Prompt ▸
From the line with "Радіатор сталевий TERRA" through the final line below, restate each line word for word and return nothing else.

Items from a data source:

BEGIN

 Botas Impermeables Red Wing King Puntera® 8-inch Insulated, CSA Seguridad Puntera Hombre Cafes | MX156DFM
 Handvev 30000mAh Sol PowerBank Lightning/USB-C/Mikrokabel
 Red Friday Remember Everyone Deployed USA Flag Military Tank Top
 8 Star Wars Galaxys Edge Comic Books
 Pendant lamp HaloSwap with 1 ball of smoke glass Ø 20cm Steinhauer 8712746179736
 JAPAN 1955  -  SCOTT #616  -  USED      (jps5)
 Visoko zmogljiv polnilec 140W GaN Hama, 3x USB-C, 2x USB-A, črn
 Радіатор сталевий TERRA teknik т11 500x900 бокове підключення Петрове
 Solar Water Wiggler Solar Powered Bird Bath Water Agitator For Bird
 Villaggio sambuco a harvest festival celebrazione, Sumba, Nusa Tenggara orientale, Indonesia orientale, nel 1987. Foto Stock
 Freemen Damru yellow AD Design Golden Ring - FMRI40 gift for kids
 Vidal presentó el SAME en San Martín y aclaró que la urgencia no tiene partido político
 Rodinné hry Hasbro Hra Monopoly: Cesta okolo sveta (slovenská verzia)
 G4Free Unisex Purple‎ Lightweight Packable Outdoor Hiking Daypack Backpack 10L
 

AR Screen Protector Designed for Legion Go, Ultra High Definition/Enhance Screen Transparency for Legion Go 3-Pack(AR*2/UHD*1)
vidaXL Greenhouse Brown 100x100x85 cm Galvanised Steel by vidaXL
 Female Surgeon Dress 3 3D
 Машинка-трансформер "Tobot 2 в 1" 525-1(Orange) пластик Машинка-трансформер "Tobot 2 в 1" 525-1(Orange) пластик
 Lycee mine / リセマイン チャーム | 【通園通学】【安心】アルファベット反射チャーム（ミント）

END

Task response ▸
 Радіатор сталевий TERRA teknik т11 500x900 бокове підключення Петрове
 Solar Water Wiggler Solar Powered Bird Bath Water Agitator For Bird
 Villaggio sambuco a harvest festival celebrazione, Sumba, Nusa Tenggara orientale, Indonesia orientale, nel 1987. Foto Stock
 Freemen Damru yellow AD Design Golden Ring - FMRI40 gift for kids
 Vidal presentó el SAME en San Martín y aclaró que la urgencia no tiene partido político
 Rodinné hry Hasbro Hra Monopoly: Cesta okolo sveta (slovenská verzia)
 G4Free Unisex Purple‎ Lightweight Packable Outdoor Hiking Daypack Backpack 10L
 

AR Screen Protector Designed for Legion Go, Ultra High Definition/Enhance Screen Transparency for Legion Go 3-Pack(AR*2/UHD*1)
vidaXL Greenhouse Brown 100x100x85 cm Galvanised Steel by vidaXL
 Female Surgeon Dress 3 3D
 Машинка-трансформер "Tobot 2 в 1" 525-1(Orange) пластик Машинка-трансформер "Tobot 2 в 1" 525-1(Orange) пластик
 Lycee mine / リセマイン チャーム | 【通園通学】【安心】アルファベット反射チャーム（ミント）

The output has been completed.